- MATERIAL TO PROCESS
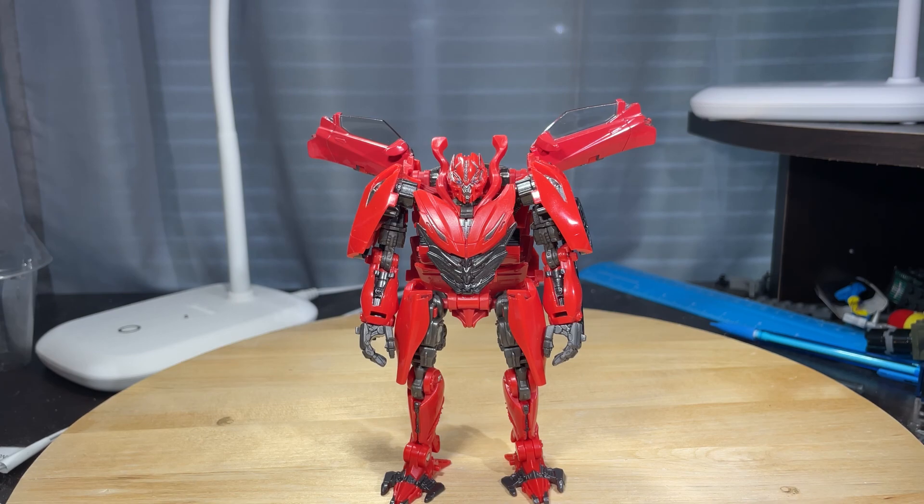And that is it for Mirage's review. My total score for this figure is a solid 9 out of 10. The only issue I don't like is just the clear plastic — I wish they would stop doing that. Anyway, I'll see you next week, maybe. I'm not sure. Bye.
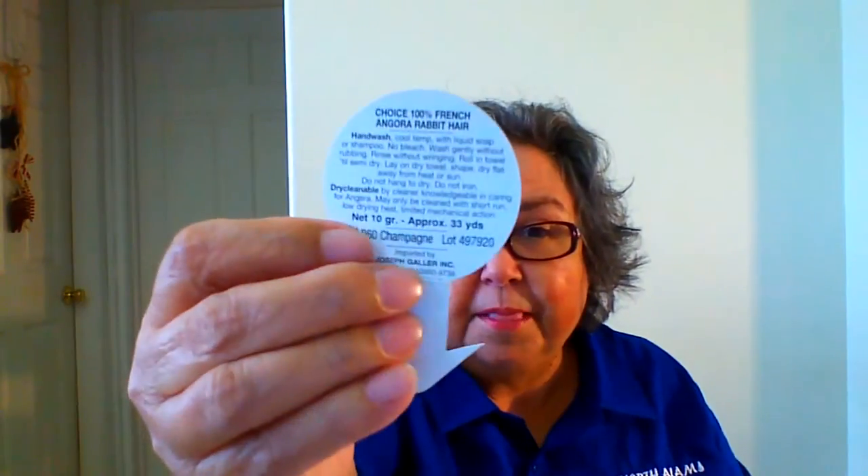Bellingor Brand — it is from France, it has a little bunny on the label. It has care instructions: hand wash or send to a furrier, so that's nice. The colorway is Champagne, and it's a bulky weight, four stitches per inch. So it was very nice to work with.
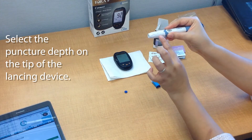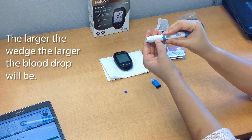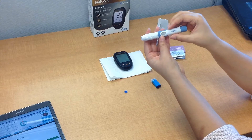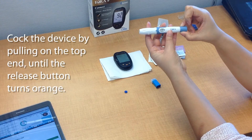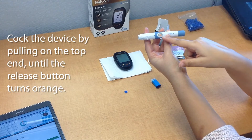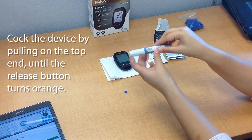Now you're going to select the depth of the puncture. You'll see these little wedges on the tip — the larger the wedge, the larger the blood drop will be when you puncture the testing site. Then go ahead and cock the device by pulling on the end, and you'll notice that the ejecting button turns orange, which means it's ready to go for the test.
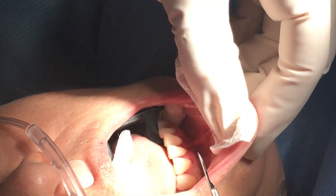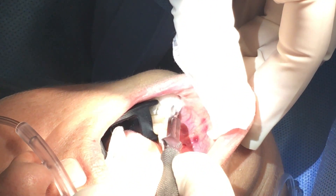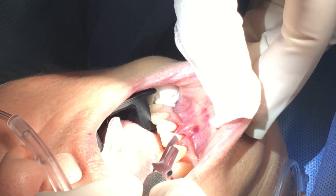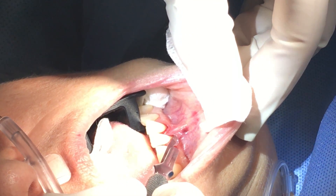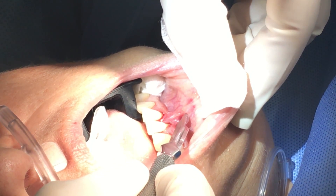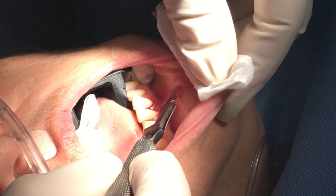Okay, so now we're going to begin our lip switch incision. I measure the amount of recession — it should be about one and a half to two times that, so we're about here, or to the extent of the frenum.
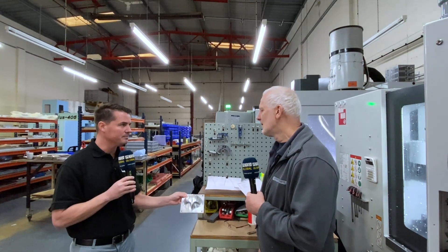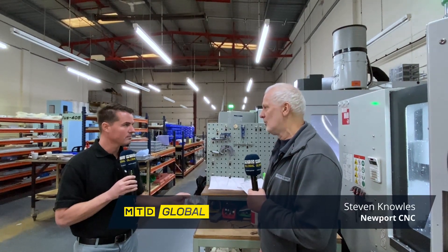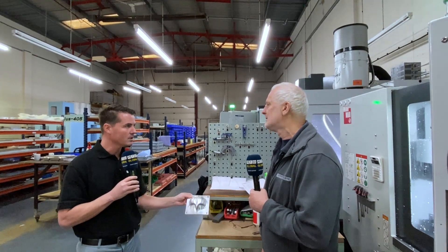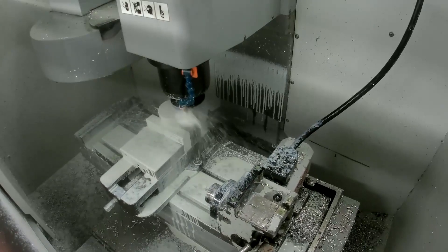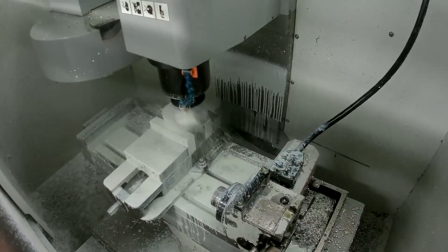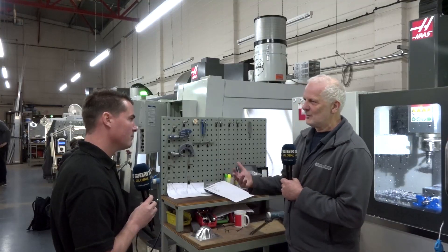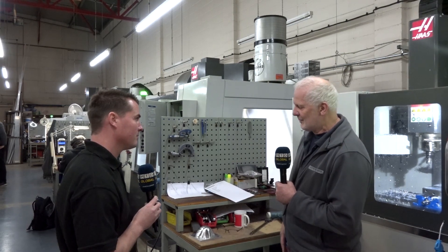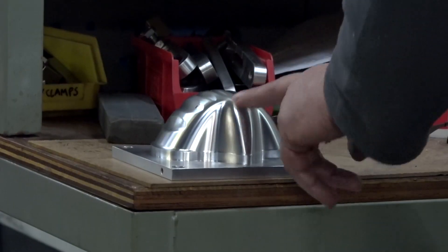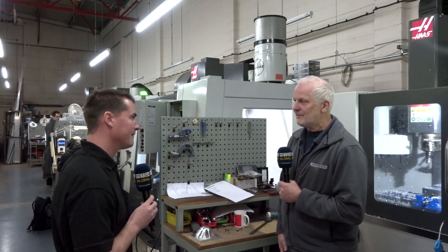How long have you been working on these? We're only just this week — basically the last couple of days. We've got the order and started making these parts. Cycle time was around two hours on this part? It's probably between two and two and a half hours. This is the first one, so we've fine-tuned that and we're going to move it onto the Mini Mill as well. We might have to slow it down slightly because it's not quite as much power, but it shouldn't be far off that.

- EXERCISE REQUIREMENTS
Generate a word-for-word copy of the preceding records, excluding all pictures.

- ANSWER SECTION
And that is it for Mirage's review. My total score for this figure is a solid 9 out of 10. The only issue I don't like is just the clear plastic — I wish they would stop doing that. Anyway, I'll see you next week, maybe. I'm not sure. Bye.
Bellingor Brand — it is from France, it has a little bunny on the label. It has care instructions: hand wash or send to a furrier, so that's nice. The colorway is Champagne, and it's a bulky weight, four stitches per inch. So it was very nice to work with.
Now you're going to select the depth of the puncture. You'll see these little wedges on the tip — the larger the wedge, the larger the blood drop will be when you puncture the testing site. Then go ahead and cock the device by pulling on the end, and you'll notice that the ejecting button turns orange, which means it's ready to go for the test.
Okay, so now we're going to begin our lip switch incision. I measure the amount of recession — it should be about one and a half to two times that, so we're about here, or to the extent of the frenum.
How long have you been working on these? We're only just this week — basically the last couple of days. We've got the order and started making these parts. Cycle time was around two hours on this part? It's probably between two and two and a half hours. This is the first one, so we've fine-tuned that and we're going to move it onto the Mini Mill as well. We might have to slow it down slightly because it's not quite as much power, but it shouldn't be far off that.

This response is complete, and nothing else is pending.